Figure 5.

Asymmetric division of GaSCs. (A) Schematic diagram of the cell lineage marking system. After shifting the flies with genotype UAS-FLP/+; wg-Gal4 UAS-RFP/Act5C-FRT-y⁺-FRT-EGFP; tub-Gal80^ts/+ to 29°C, the Gal4 was activated and drove RFP (red) and FLP recombinase expression. The FLP recombinase then removed the ‘FLP-out’ cassette so that the constitutive actin5C promoter drove EGFP expression (green) permanently within all subsequent daughter cells. Flies with the genotype UAS-FLP/+; wg-Gal4 UAS-RFP/ Act5C-FRT-y⁺-FRT-EGFP; tub-Gal80^ts/+ (B–G, I, I′) were cultured at the permissive temperature (18°C, B) and then shifted to the restricted temperature (29°C, C–G, I, I′). At 18°C no EGFP/RFP expression (B). Flies shifted to 29°C for 12 hrs (C), 1 day (D, high magnification in D′), 2 days (E, E′, high magnification in E″, F, G). (G) 2 days (Z-stack merged).

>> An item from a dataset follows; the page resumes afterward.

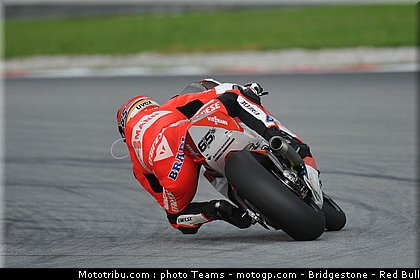moto2_bradl_07_malaisie_2010.jpg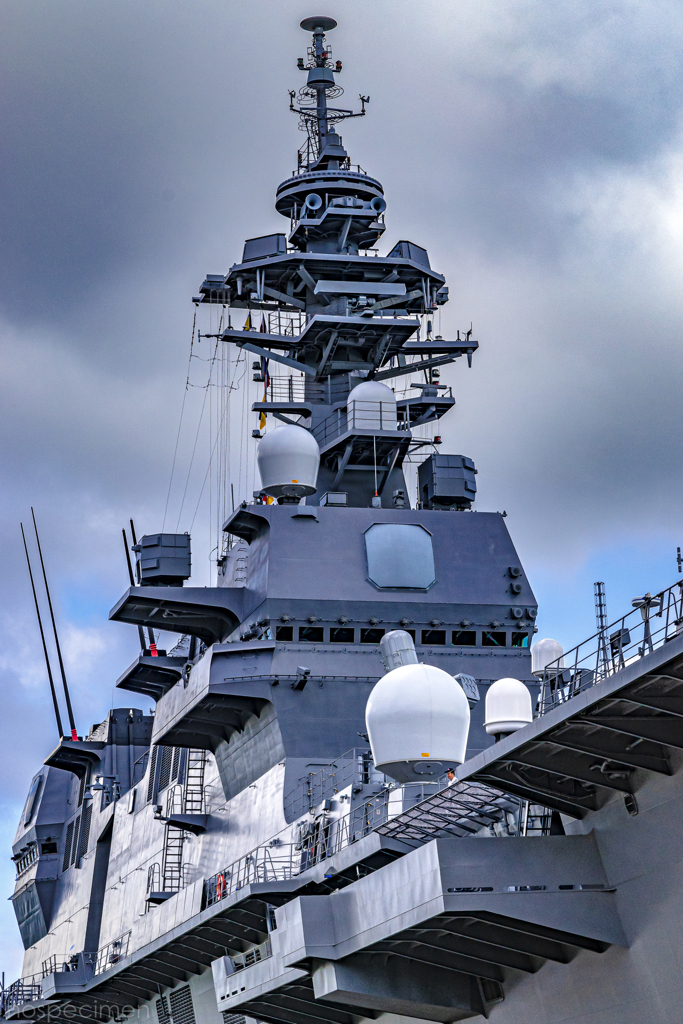 DDH-183 ヘリコプター搭載護衛艦 いずも 艦橋構造物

Division of GaSCs is highlighted in E′ (arrow) and E″ F (round dotted lines). In B–G the cardia was dissected and examined under confocal microscope without staining (live imaging). (H, H′) The flies with MARCM clones were dissected and stained with anti-GFP (green), anti-Ptc (red) and DAPI (blue). (I, and high magnification in I′) UAS-FLP/+; wg-Gal4 UAS-RFP/Act5C-FRT-y⁺-FRT-EGFP; tub-Gal80^ts/+ flies (2 days) were stained with RFP (red), GFP (green), Ptc (purple) and DAPI (blue). Ptc is expressed in GaSCs as highlighted by dotted lines in H, H′. Anterior is at the top in all panels except in I, I′, where anterior is in right. Scale bars: 10 µm (B–E); 2 µm (E′, F, G, D′ E″, I′); 5 µm (H, H′ I).